Site icon Margaret McGoverne

March ’18 Roundup – Bruges, Website Makeover, Short Stories and Nano Probes

I posted in January about the snow hanging around like an impervious, unwelcome house guest; this week we’ve just seen the back of the latest batch! Some gloomy forecasters predict the UK will have a white Easter; I choose to ignore these pessimists (with fingers crossed).

It has been an unseasonably cold late winter and early spring, but we took a chance and booked a city break to Bruges a couple of weeks ago. This was my first visit, and I was delighted with the “Venice of the North”; if you enjoy lots of very tall, very old churches, museums, galleries, canals, fine chocolate and beer, you’re in for a treat in Bruges. A word of warning for vegetarians like myself though, or Vegans – like their German neighbours, the Belgians love meat, with some fish thrown in. If you eat Flemish, expect lots of beef and rabbit stews, mussels and pâté.  Desserts are wonderful and I made up with lots of waffles and pancakes, and a wonderful apple pie flambéd in Calvados.

Belgian Apple Pie with Calvados Flambé

Back in the frigid climes of England, I decided to update this site; I trawled through WordPress themes for writers (WordPress seems to think that a writer’s main occupation is posting lots of pictures, but I digress!), and I found a nice clean theme (Dara). I’m really pleased with the results. Let me know what you think!

In terms of writing, I finished a 6,000-word short story, that started life in my mind, as many of my stories do, as a piece of flash fiction. The theme for a short fiction site I frequent was “Lovecraftian”, and being a lover of all things HPL, I had a story in mind. I work in an area of London that’s an interesting mix of very modern,  a hot revitalisation area that sits cheek and jowl with some very old and somewhat out-of-the-way corners;  rivers, canals, and docks that wind through some undeveloped or just uninhabited corners of the capital. Anyway, that’s where my story was based, and it grew into a Lovecraftian homage monster of a tale that I’m really pleased with. I’ve submitted it to some respected Cosmic Horror publications, and I really have big hopes that it will be published soon, so watch this space; this would be my longest work of fiction published to date.

Last but definitely not least, as well as imagining horrid things happening to hapless Londoners, I reviewed where I was with my first draft of my Sci-Fi work in progress, The Bondage of the Soil. Reading the obituaries of the late Stephen Hawking, the beloved theoretical physicist whose A Brief History of Time I first read in the early 1990’s, I went on to spend hours reading of all the developments Stephen Hawking was instrumental in pushing forwards, especially theories of how mankind (or alien species) would achieve interstellar travel.

Without giving too much away, interstellar travel happens to be one of the core plots of  The Bondage of The Soil. I have the main plot points sketched out, but I’ve been struggling with a couple of points; I want my story to be hard science fiction in as much as the ideas are theoretically possible in the near future, but I’m very much a dilettante when it comes to theoretical physics. I came across a couple of articles that helped me out in how interstellar journeys might be feasible, and in doing so I came across some more invaluable help! My story involves a visit to earth and a trip home; I had no idea how my protagonist was going to help her interstellar friend return home, but in reading about  Nanoprobes, star chips, and star wisps, I learned that one suggested  approach to interstellar travel is that of  uploading a person’s brain via software creating an “uploaded” astronaut.  This will be the way my story goes – in effect its deals with some of the core concepts of  Transhumanism  (and trans alienism?)

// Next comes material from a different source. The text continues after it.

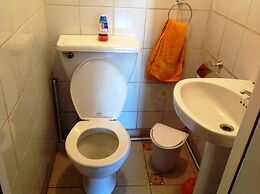 Hostal Little Castle - Hostel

I wondered: if an astronaut’s brain and personality were captured in data,  it should, in theory, be possible to “transmit” it back home as data. To cut a long story short I came across an amateur radio forum discussing bouncing data off satellites, moons and planets, and one very helpful poster was so good as to get back to my crude and simplistic questions, giving me a wealth of ideas and options which have morphed into a much more realistic and even emotional plot! I’m now busy capturing some of these points for more research; it’s reinvigorated me to get this story finished and look for a publisher.

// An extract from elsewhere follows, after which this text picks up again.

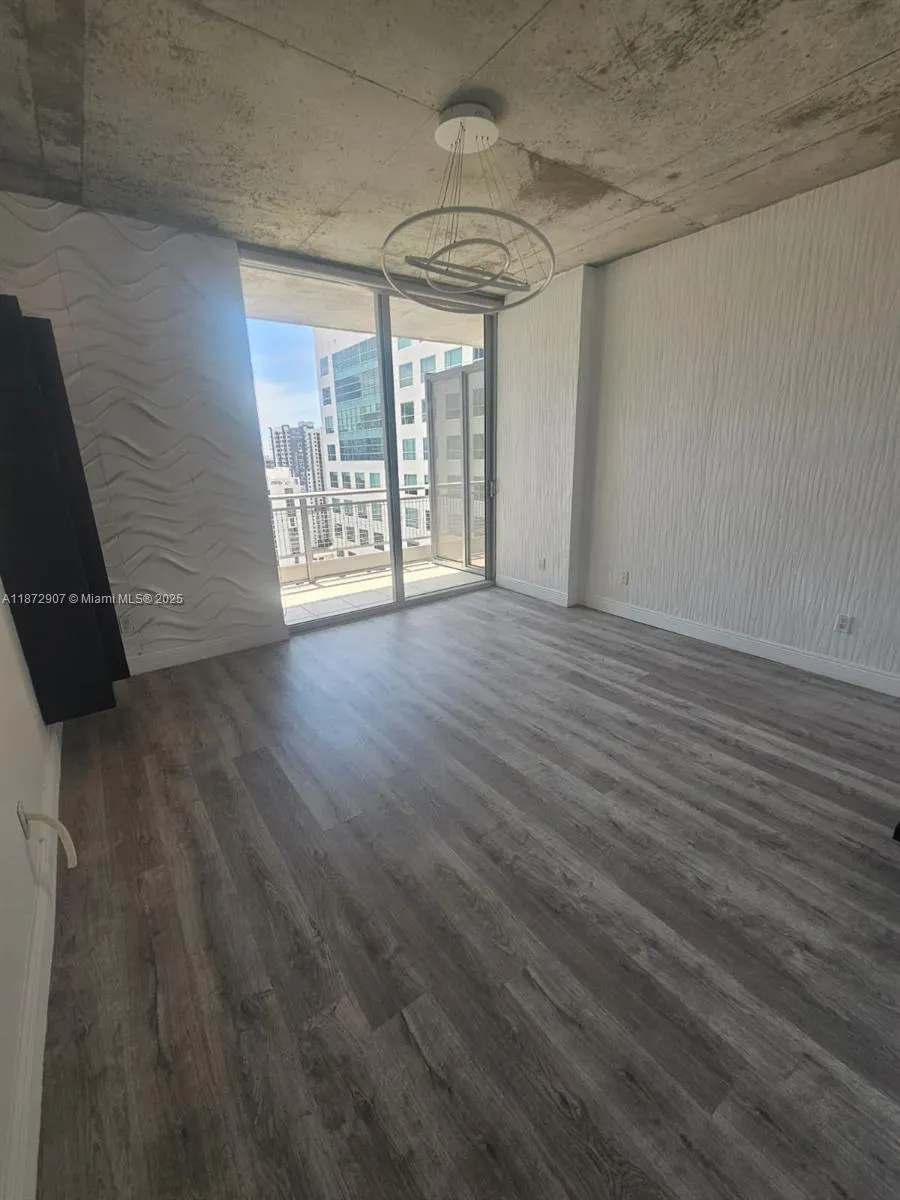 690 SW 1st Ct, #2515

One last note before I wrap up for now: one of the nuggets of info my radio correspondent shared was just how many observatories there are in the UK; by a beautifully serendipitous coincidence, one is within a few miles of the location in my story!

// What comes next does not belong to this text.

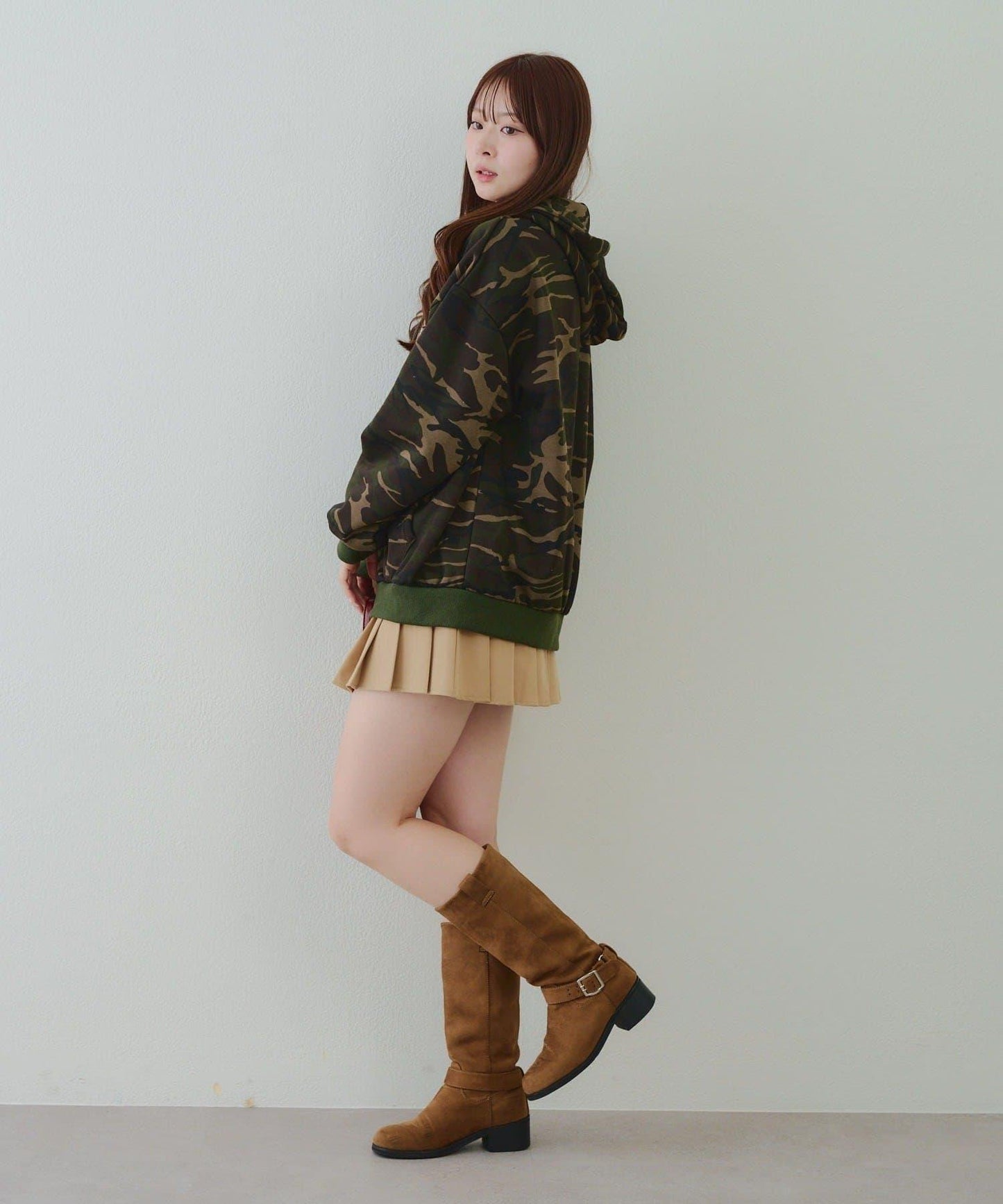 大LOGO拉鍊連帽衛衣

Writing is considered a solitary experience, and in terms of the mechanics it often is, but I’ve had so many people help me on my writing journey – friends and family who understand (or tolerate!) my need to be alone and google the most fantastic things, kindly colleagues and strangers who give their own time and knowledge to check my writing, editors who help me to edit and thus publish my stories, and experts who give their own time and knowledge to help me write the best fiction I can.  My heartfelt thanks to all!